Angela F. Qian is a writer and translator. Her work has appeared in or is forthcoming from The Common, Hyphen, Lit Hub, Gay, The Florida Review and other publications. She co-curated The Sweet & Sour Readings in New York City.
Not knowing what we would see when we looked over the edge,
we took the bus to Hiroshima.
Light blue when we got to the harbor,
The sea swelling softly with the word tanin, stranger.
The bus driver stepped sideways,
the sky pressed a finger to indicate quiet.
We stood on the dock looking at boats.
Today history defies again any attempts at order:
The clock tells cakes and silver utensils.
There is no use for questioning.
What questions then can we ask?
From our cafe seats we see the blasted dome.
Also yellow primroses and stands of trees.
Through the park the bell tolled once, twice,
the still water rippled, the lotuses stirred, and
the world continued refusing to make itself known to us.
The interpretation of prophets has been
dwindled to science,
the language of omens is no longer ours.
In the signs we looked for,
we could signify nothing:
The forks all laid down,
the last bus pulling in.
A single boat out from harbor,
An instant's struck flame.
I visited Hiroshima early in 2017, when I was living in Japan.
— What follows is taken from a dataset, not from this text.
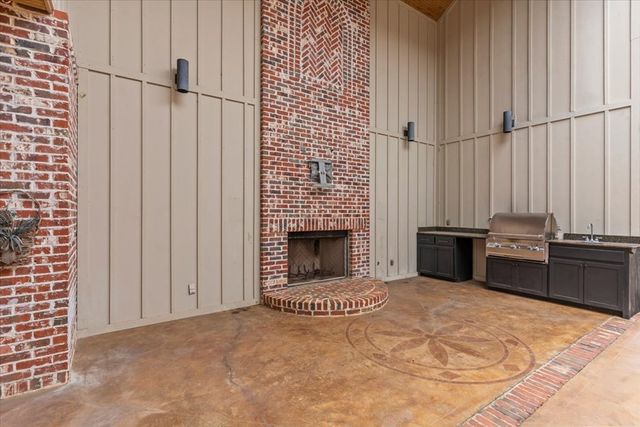 214 Royal Orleans Court, Dothan, AL 36305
It was one of my favorite trips: I remember peaceful streets, delicious food, and eating soft momiji cakes in an empty tea house near the floating shrine while it rained. I also remember Hiroshima Peace Memorial Park, which was too quiet, too beautiful, to the point of being awful. As someone with complicated feelings about nationality, I was surprised to feel deep and immediate shame from being an American. At the same time, I couldn’t forget the Japanese militarism my grandparents in China fought against. I had just finished reading Ian Buruma’s Wages of Guilt, and I’d learned the “rabbit island” near Hiroshima used to be a secret toxic gas factory during WWII. In the physical place of all that real history, everything I’d studied and read felt inadequate and my most immediate reaction was silence.